* _RECORD EXCERPTS_:
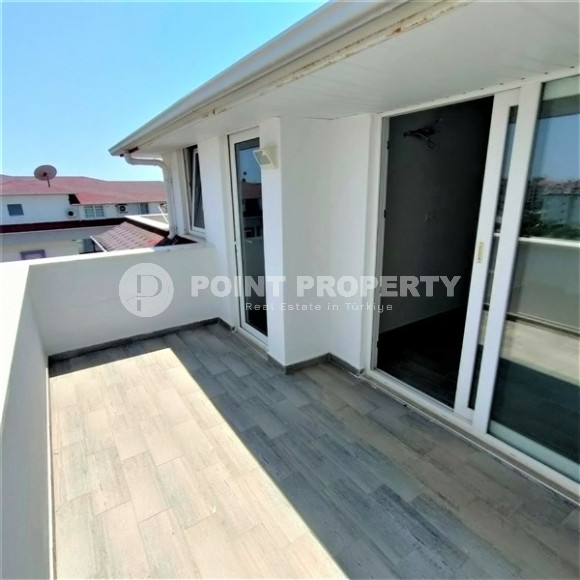 Lovely 3+1 duplex with an area of 110 m2 with fine finishing and a kitchen unit, in a low-rise complex with mountain views, Kestel, Alanya-id-2703-photo-13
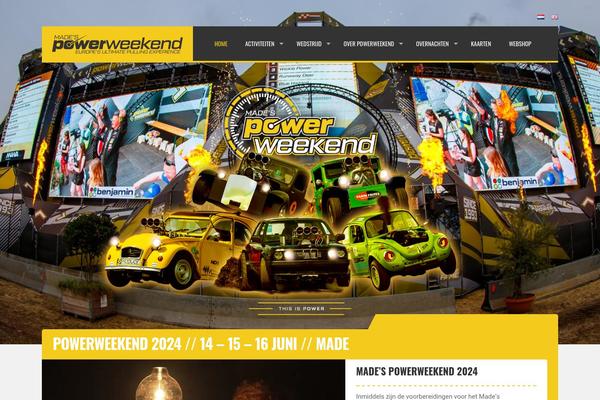 powerweekend.nl site used Power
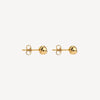 Floret Stud Earrings | Yellow Gold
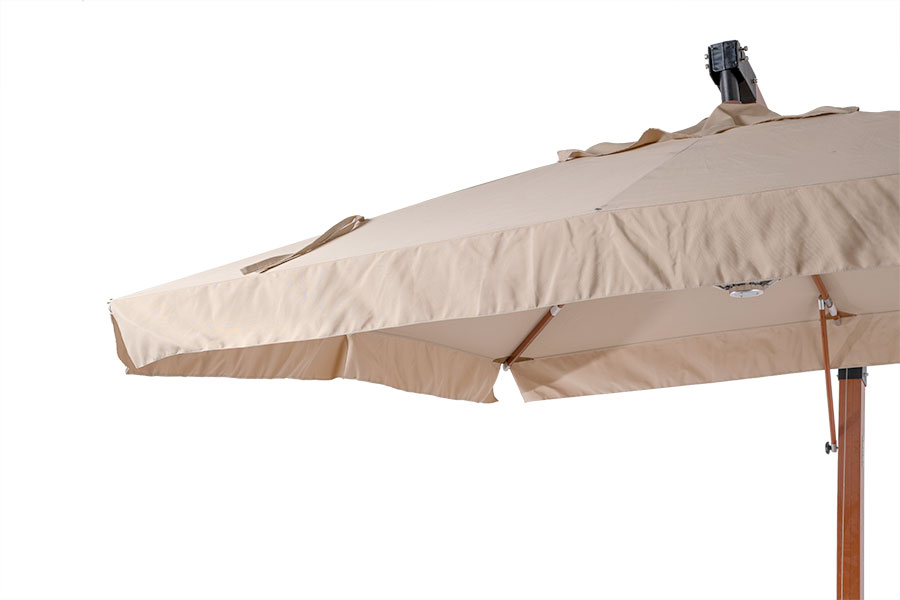 Ливорно зонт садовый 3х3м на боковой опоре из алюминия фото 4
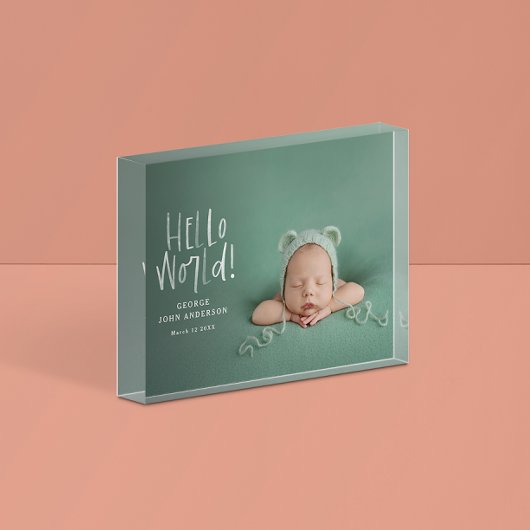 Modernes, minimales und elegantes typografisches F Fotoblock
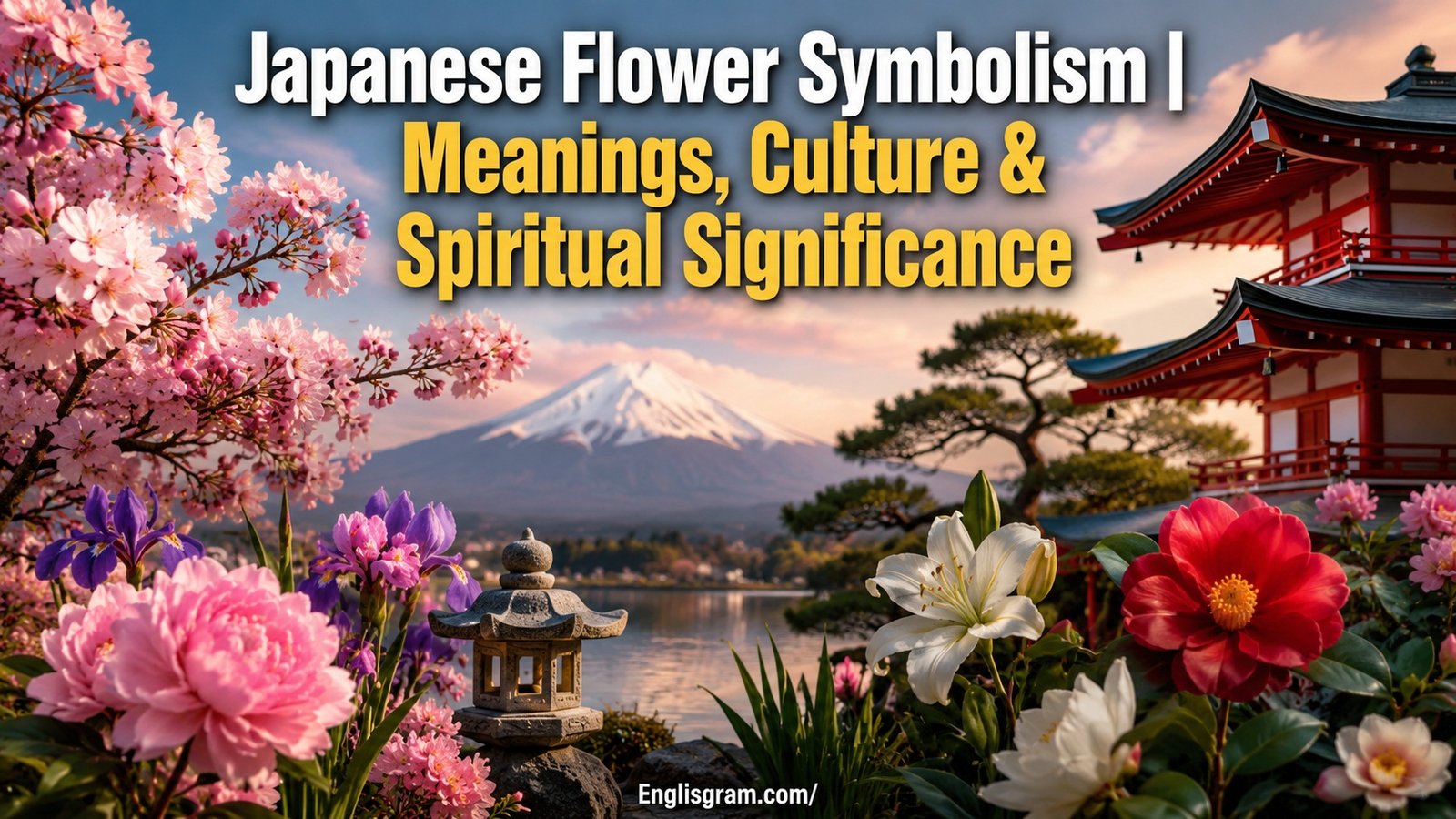Japanese Flower Symbolism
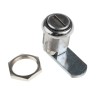 RS PRO Die Cast Zinc Camlock, 20 mm Panel-to-Tongue Depth, 19.1 x 16.6 mm Cutout, Round Head 4412012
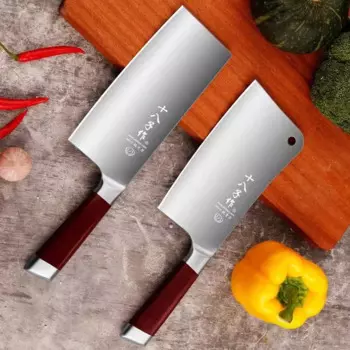 Shibazi китайский Мясницкий кухонный нож из нержавеющей стали поварские ножи Nikiri ножи для рыбы мяса овощей столовые приборы инструменты для нарезки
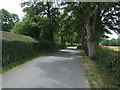 Bridleway towards Abbotsholme School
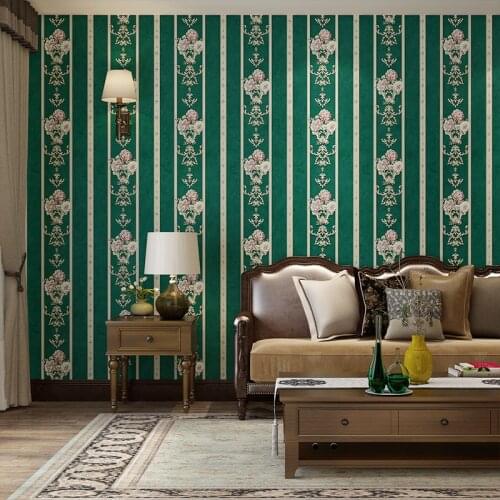 Self Adhesive 3D Wallpapers Luxury Home Decor for Living Room Walls Sticker Non-woven Peel and Stick European Style Mural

* _YOUR TASK_:
Each line above from the one containing "Japanese Flower Symbolism" through the one containing "RS PRO Die Cast" is to be returned verbatim. Nothing else, and no pictures.

* _WRITTEN SOLUTION_:
Japanese Flower Symbolism
 RS PRO Die Cast Zinc Camlock, 20 mm Panel-to-Tongue Depth, 19.1 x 16.6 mm Cutout, Round Head 4412012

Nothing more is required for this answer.